Trainingsplatz in Spillern wird verlegt. Das Großprojekt hat das Okay der Gemeinderäte erhalten. Der Trainingsplatz rückt rund 15 Meter nach Süden, der Funcourt wird erneuert und es entsteht ein neuer Fußweg.

Von Bernhard U. Wieser. Erstellt am 11. April 2021 (03:55)
In dieser Skizze erhält man einen Einblick, wie der Trainingsplatz mit dem neuen Fußweg, den Flutlichtmasten und dem Grünstreifen inklusive Bäume aussehen wird.
privat, privat

Bürgermeister Thomas Speigner (SPÖ) ließ in der Gemeinderatssitzung wissen, dass drei Punkte der Tagesordnung in direktem oder indirektem Zusammenhang stehen, da sie dasselbe Großprojekt betreffen, nämlich die Umgestaltung des Sportzentrums: die Auftragsvergabe von Straßenbauarbeiten, die Errichtung eines neuen Funcourts und die Verlegung des Trainingsplatzes des SV Spillern.

Bei den Straßenbauarbeiten geht es konkret um eine Ost-West-Verbindung durch den „Weg beim Sportplatz“ mit Beleuchtung. Dazu kommt auch ein fünf Meter breiter Grüngürtel. Für die Errichtung des 174 Meter langen Weges seien zwei Angebote eingegangen, berichtete Speigner, mit rund 27.000 Euro ging die Strabag als günstigster Anbieter hervor. Franz Hatzl (Grüne) wollte wissen, wieso man sich beim Grüngürtel für Gleditschien entschied „und nicht für einheimische Bäume“.

Der Ortschef entgegnete: „Wir vertrauen in diesem Punkt der Baumschule.
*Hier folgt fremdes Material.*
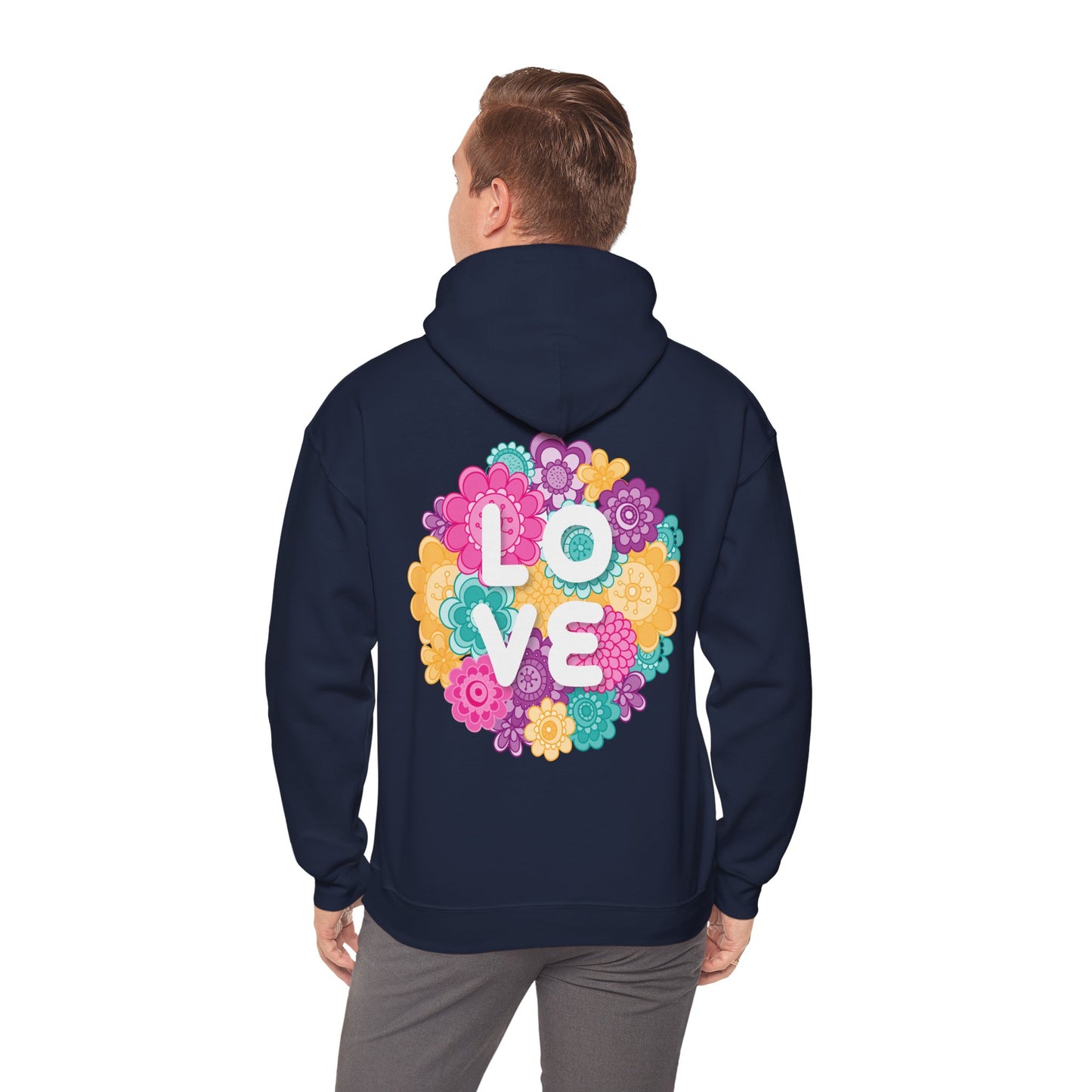 Unisex Heavy Blend™ Hooded Sweatshirt - Couples_Hoodies_Design_5_Back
Es handelt sich bei Gleditschien um eine Sorte, die einen minimalen Wasserverbrauch aufweist, was in Zeiten des Klimawandels positiv ist.“ Jakob Trimmel (FPÖ) zeigte sich grundsätzlich skeptisch: „Ich glaube nicht, dass wir diesen Weg jetzt brauchen.“ Bei der Abstimmung stimmte er dagegen, die Grünen enthielten sich, sonst waren alle Räte dafür.

Im Zuge des Projekts soll auch ein neuer Funcourt entstehen, dieser soll über Kunstrasen verfügen und für Fußball, Basketball und Volleyball verwendet werden können. Das beste Angebot legte wieder die Strabag vor, und die Kosten reduzieren sich aufgrund zweier Förderungen des Landes NÖ: 32.000 Euro kommunale Investitionsförderung plus 7.500 Euro Sportstättenförderung werden abgezogen. „Es handelt sich daher um rund 23.000 Euro als effektive Kosten für die Gemeinde“, rechnete Speigner vor. Alle Gemeinderäte stimmten für die Vergabe an die Strabag.

Der dritte Punkt des Projekts betrifft die Verlegung des Trainingsplatzes um mehr als 15 Meter Richtung Süden. Dies machte eine fällige Umwidmungskorrektur aus dem Jahr 2004 nötig. Nach einer Begehung gab es zwei Angebote, die Strabag war erneut am günstigsten und verlangt 119.000 Euro. Im Zuge der Arbeiten soll auch das Flutlicht erneuert werden, mit der Umstellung auf LED geht die Reduzierung von sechs auf vier Masten einher. 24.000 Euro werden wieder durch die Sportstättenförderung des Landes NÖ übernommen, hinzu kommen geförderte 10.000 Euro für das Flutlicht. Die FPÖ enthielt sich, sonst waren alle Mandatare dafür.